For my needs, I think I will be going with an 05 481, even though the 585 is tempting. The 585 is markedly stiffer in the rear triangle not only laterally, but also vertically. It is by no means harsh, but square edge bumps and potholes come through the frame loud and clear when compared to the 481. As I've had two lower back surgeries, I think the vertical compliance of the 481 is worth the loss in efficiency. My average rides are well over 3 hours and 50 miles, all on poor roads and while I'd love the 585 going up some of the hills, I suspect I'd be a bit more sore afterwards.

Scotland Boy - if you don't have back issues, go and get yourself a 585. It's only $300 more for the frameset and when you get the post you can get a USE Alien, saving 70 gm. off the Ergopost (which looks kinda funky anyway.) Have fun - I think you'll dig it.

Incidentally, the 585 had a Look crank on it. Looked dope and seemed stiffer than my FSA compact carbon, but I'm sure the differing BB's played a role as well.


----------



## Scotland Boy (Nov 11, 2004)

peterpen said:


> ok, got to ride a 585 for 20 minutes today after 40 minutes on an 04 KG481SL (f**kers didn't have 05 481's, just 555 and 585.) so...


Thanks for the great review Peterpen.  . That settles it.

I hope you had enough time on the 481SL. I must say I am more than happy with mine, except the size. This is what started all this off. I don't think there are any differences between the '04 and '05 481SL's other than the '05 version has the new lighter HSC 5 SL fork. Oh, and there are new paint jobs.

Happy riding on the 481SL when you buy.


----------



## c-record (Mar 18, 2004)

*Same wheels?*

Hi,

Thanks for the good info on the 585 and 481sl. Where the wheels/parts identical on the two bikes? I'd like to know frame differences instead of wheel differences. I've ridden a 381i and liked how it felt but the 585 just looks awesome.

Thanks.




peterpen said:


> ok, got to ride a 585 for 20 minutes today after 40 minutes on an 04 KG481SL (f**kers didn't have 05 481's, just 555 and 585.) so...
> 
> the 585 is VERY, VERY nice! Light, smooth, and rigid - I could not get it to flex noticeably, even jumping from 5mph in 53x14. Though the seat stays join in a wishbone, the plug in the seat lug is oval and almost as wide as the seat tube. Took it up some 10%+ steeps and it climbed like a dream, with no wasted movement. Quick and smooth on the downhills, with very little noise coming through hands or bum (carbon post, stem, and bars.) Hard to imagine what they could improve, and racers or others who place a premium on weight and stiffness will love it to death.
> 
> ...


----------



## peterpen (May 5, 2004)

*re: setup*

Nope, they had different set-ups: the 481 had Open Pro/3x/ Dura Ace while the 585 had Velomax Ascent II's. Though they're different, I wouldn't be that surprised if their stiffness was comparable, b/c the Ascent II's are supposed to be lightweight climbing wheels. It's not like it was 3x Open Pro vs. Ksyrium's - I made that switch a while back and was astounded at how stiff the Ksyriums felt at first.

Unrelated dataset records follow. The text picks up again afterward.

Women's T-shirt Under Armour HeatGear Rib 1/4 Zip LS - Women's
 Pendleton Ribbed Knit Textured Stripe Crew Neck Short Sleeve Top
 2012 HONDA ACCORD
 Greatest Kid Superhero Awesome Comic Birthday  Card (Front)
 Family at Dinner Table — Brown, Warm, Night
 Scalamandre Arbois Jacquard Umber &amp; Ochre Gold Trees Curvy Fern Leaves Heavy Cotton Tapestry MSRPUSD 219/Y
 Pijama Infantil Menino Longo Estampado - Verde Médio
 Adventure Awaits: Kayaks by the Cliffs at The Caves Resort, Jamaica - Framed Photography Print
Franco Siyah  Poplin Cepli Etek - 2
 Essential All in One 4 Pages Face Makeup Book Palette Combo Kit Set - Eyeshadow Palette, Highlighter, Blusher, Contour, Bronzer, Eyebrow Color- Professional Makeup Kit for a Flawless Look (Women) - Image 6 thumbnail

They both had the same Ergopost 2, but different seats - think it was a SLR gel Flow w/coutout on the 481 and a Fizik Arione on the 585. The Fizik had a nice bit of flex to it.
Another factor to differing stiffnes would be the size and relative fit: the 55 cm 481 was too big for me while the 53cm 585 fit almost perfectly. The smaller frame (paired with the switch from traditional geometry to compact) would result in a stiffer frame.

To be honest, I now find myself wavering between the two, even though I think the 481 is best suited for my needs and even like it's colourways better: the 585 is pretty sweet, and it's always nice to have the top of the line.


----------